La svolta decisiva nella vita della M. avvenne nel 1474 quando, forse introdotta a corte al seguito della duchessa Bona di Savoia, fu notata da Galeazzo Maria Sforza, che se ne innamorò perdutamente. Cronisti e testimoni dell’epoca sono concordi nel giudicare la M., soprannominata «la baietta», la donna più bella di Milano. Di certo, il duca la rese la più ricca «non che in Lombardia, forse in Italia» (Rosmini, III, p. 25).

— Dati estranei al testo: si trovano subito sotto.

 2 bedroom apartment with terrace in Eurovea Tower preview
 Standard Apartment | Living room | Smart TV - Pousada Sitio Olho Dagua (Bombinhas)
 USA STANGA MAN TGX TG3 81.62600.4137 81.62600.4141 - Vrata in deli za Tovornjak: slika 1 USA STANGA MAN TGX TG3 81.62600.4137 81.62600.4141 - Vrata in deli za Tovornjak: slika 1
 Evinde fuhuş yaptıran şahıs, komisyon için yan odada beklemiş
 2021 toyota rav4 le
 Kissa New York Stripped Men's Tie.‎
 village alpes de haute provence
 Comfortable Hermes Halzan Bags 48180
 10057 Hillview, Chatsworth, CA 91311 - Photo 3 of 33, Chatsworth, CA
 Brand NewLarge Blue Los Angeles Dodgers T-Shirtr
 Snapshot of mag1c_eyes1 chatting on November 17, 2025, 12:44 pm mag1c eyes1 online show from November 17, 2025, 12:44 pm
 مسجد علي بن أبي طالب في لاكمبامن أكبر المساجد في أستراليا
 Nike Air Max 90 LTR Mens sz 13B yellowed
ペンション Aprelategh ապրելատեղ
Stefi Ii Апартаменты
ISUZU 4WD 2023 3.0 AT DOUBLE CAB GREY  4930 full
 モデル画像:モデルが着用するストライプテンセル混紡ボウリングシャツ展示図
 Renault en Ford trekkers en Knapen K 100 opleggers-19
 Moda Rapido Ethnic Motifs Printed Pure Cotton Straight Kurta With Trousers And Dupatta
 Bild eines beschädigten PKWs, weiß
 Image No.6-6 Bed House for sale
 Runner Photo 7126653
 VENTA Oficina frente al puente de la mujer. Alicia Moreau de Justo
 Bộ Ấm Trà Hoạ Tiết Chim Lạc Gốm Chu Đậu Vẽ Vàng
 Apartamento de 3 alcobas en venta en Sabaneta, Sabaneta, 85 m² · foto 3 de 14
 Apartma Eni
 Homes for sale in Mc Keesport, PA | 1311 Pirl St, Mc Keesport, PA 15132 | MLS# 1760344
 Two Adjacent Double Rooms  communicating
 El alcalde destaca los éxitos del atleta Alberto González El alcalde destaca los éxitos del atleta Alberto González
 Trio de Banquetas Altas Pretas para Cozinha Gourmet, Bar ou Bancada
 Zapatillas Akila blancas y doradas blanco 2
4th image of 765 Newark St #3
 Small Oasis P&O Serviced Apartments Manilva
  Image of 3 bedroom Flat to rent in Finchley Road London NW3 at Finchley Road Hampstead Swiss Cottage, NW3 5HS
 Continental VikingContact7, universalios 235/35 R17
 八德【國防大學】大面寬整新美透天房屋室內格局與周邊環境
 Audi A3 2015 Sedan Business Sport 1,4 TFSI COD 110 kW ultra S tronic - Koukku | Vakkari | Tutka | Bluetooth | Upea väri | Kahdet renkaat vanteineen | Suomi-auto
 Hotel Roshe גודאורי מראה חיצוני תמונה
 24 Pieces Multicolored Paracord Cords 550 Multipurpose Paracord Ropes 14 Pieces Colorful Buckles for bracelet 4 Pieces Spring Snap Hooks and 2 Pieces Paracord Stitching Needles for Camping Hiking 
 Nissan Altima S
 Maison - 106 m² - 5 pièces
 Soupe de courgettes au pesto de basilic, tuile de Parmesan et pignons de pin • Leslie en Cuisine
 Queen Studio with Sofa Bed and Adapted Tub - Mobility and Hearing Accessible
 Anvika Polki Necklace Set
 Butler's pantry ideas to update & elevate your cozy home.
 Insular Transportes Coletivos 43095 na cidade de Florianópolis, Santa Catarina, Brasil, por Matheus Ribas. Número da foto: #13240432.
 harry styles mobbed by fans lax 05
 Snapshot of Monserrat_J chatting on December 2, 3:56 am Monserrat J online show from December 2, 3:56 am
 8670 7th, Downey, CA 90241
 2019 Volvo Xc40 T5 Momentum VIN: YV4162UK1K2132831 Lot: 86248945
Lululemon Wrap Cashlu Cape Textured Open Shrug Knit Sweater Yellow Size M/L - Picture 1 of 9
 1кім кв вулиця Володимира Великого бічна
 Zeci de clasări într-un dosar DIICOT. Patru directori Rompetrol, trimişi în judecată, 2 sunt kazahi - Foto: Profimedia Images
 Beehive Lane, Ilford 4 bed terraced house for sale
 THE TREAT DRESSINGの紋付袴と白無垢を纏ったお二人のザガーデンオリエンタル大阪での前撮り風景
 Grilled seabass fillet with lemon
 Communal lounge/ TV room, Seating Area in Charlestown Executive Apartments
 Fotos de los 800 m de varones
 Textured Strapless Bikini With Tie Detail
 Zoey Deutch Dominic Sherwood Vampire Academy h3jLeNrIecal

Sul contratto privato che pare abbia dettagliatamente regolato la relazione della M. con lo Sforza molto è stato scritto. Per rinunciare all’esercizio delle sue prerogative matrimoniali Raverti ricevette 4000 ducati e, a titolo gratuito, la ricca podesteria di Como, mentre due sue sorelle furono gratificate di un marito e di una dote di 2000 ducati ciascuna, come maliziosamente, ma dettagliatamente, riferisce l’oratore mantovano a Milano, Zaccaria de’ Saggi di Pisa, alla marchesa Barbara di Hohenzollern. Di contro, sempre secondo l’oratore mantovano, Galeazzo Maria dovette mostrarsi più prudente, almeno inizialmente, nei confronti di sua moglie, Bona di Savoia: per deviarne i sospetti dichiarava, nell’allontanarsi la sera, di andare a visitare le stalle e sosteneva che la M. fosse in realtà l’amante del fratello Ludovico.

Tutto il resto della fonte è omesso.